[Requirement] Beginning with the first line, return the material verbatim and without pictures.
[Given material]
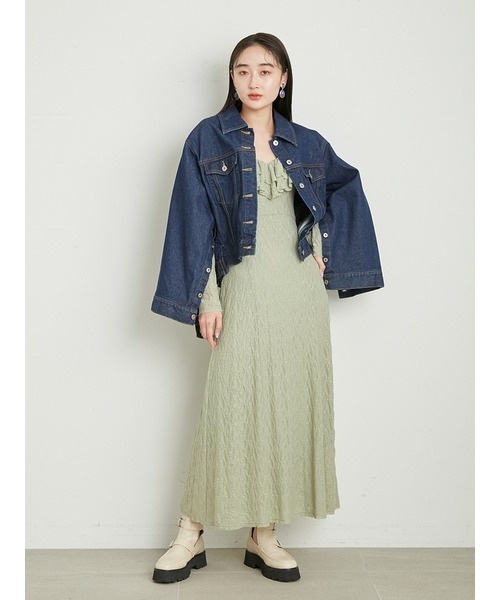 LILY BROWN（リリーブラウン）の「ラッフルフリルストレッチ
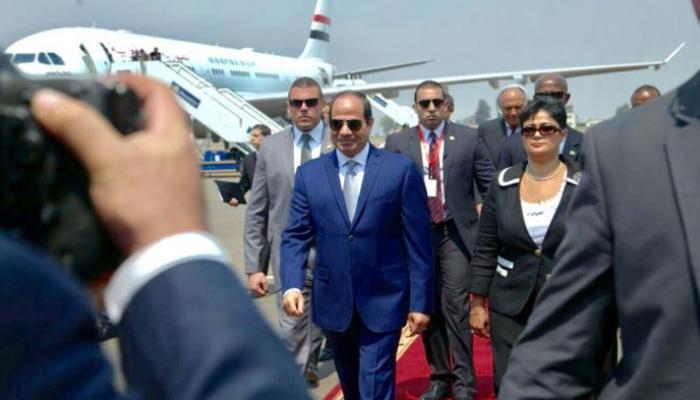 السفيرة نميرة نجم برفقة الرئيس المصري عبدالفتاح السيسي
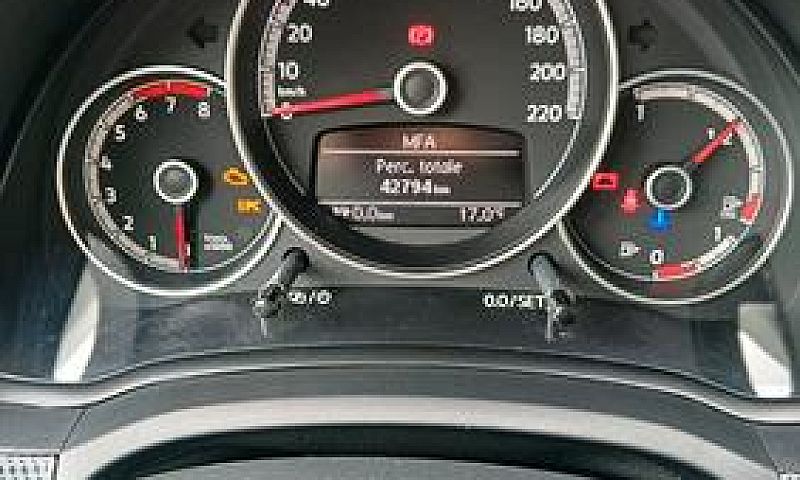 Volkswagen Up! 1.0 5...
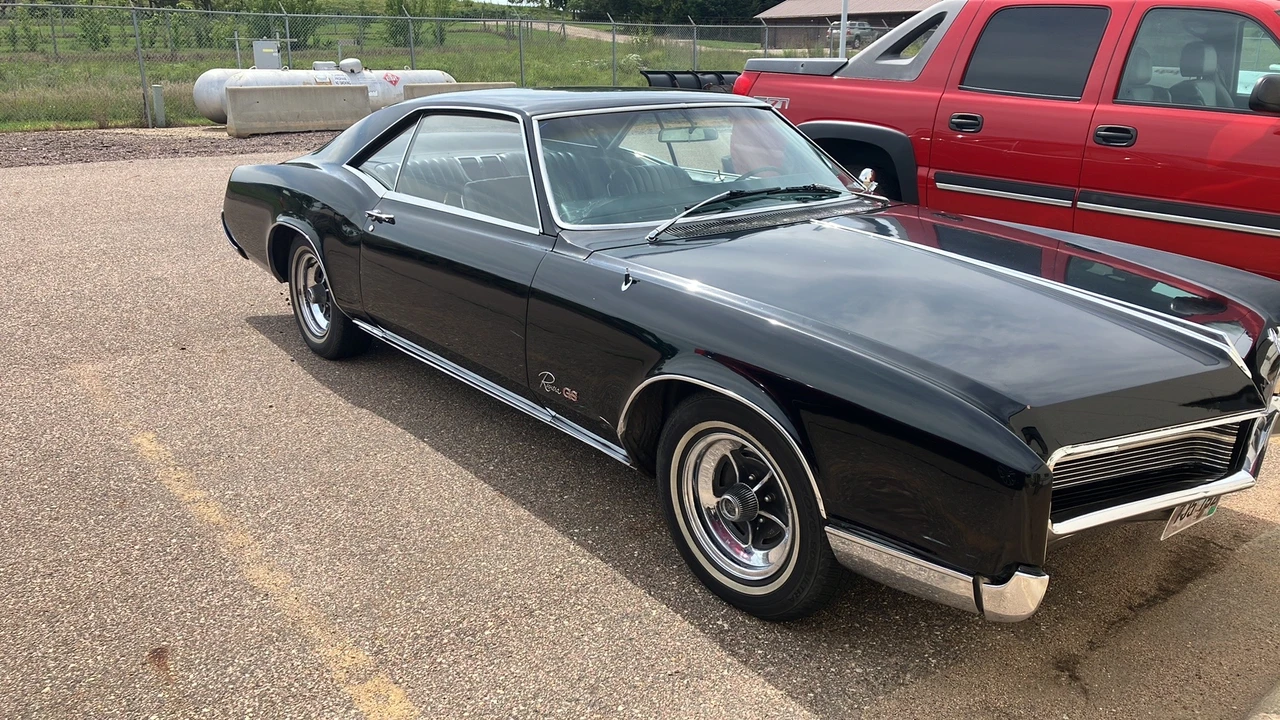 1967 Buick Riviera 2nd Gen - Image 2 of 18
[/Given material]
[Response box]
 LILY BROWN（リリーブラウン）の「ラッフルフリルストレッチ
 السفيرة نميرة نجم برفقة الرئيس المصري عبدالفتاح السيسي
 Volkswagen Up! 1.0 5...
 1967 Buick Riviera 2nd Gen - Image 2 of 18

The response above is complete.